EXERCISE OBJECTIVE: From the line that contains "Ланцюгова електрична пилка" to the end of the records below, copy every line exactly. Both the first and last of these lines count.

MATERIAL PROVIDED:
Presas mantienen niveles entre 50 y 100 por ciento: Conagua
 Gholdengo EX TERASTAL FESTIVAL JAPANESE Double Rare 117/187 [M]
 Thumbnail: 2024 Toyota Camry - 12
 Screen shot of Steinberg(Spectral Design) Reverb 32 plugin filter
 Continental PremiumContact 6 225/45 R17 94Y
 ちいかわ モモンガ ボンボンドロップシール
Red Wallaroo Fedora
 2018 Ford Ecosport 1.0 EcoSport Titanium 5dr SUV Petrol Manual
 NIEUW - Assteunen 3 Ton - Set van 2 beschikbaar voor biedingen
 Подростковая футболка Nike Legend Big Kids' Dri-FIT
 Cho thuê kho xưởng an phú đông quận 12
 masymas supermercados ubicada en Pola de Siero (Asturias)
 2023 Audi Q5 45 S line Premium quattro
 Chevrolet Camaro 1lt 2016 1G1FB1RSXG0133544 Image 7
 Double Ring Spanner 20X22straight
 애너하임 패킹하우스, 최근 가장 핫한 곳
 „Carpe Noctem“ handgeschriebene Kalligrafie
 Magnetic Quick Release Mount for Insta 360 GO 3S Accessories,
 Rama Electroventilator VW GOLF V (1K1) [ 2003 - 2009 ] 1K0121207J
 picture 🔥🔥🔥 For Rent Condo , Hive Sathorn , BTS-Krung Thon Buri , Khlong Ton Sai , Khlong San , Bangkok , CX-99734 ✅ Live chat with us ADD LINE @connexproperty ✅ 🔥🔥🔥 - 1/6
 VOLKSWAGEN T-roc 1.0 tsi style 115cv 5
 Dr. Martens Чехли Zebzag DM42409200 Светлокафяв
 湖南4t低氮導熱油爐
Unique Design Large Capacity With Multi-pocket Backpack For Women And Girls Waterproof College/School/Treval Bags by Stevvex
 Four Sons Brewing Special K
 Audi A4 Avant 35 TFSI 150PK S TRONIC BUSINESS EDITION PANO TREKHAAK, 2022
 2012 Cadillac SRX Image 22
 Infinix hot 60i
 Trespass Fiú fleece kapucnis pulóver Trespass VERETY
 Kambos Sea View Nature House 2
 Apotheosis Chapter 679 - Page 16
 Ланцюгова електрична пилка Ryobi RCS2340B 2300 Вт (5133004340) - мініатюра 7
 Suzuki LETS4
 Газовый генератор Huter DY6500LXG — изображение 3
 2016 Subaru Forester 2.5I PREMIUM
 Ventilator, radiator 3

EXERCISE SOLUTION:
 Ланцюгова електрична пилка Ryobi RCS2340B 2300 Вт (5133004340) - мініатюра 7
 Suzuki LETS4
 Газовый генератор Huter DY6500LXG — изображение 3
 2016 Subaru Forester 2.5I PREMIUM
 Ventilator, radiator 3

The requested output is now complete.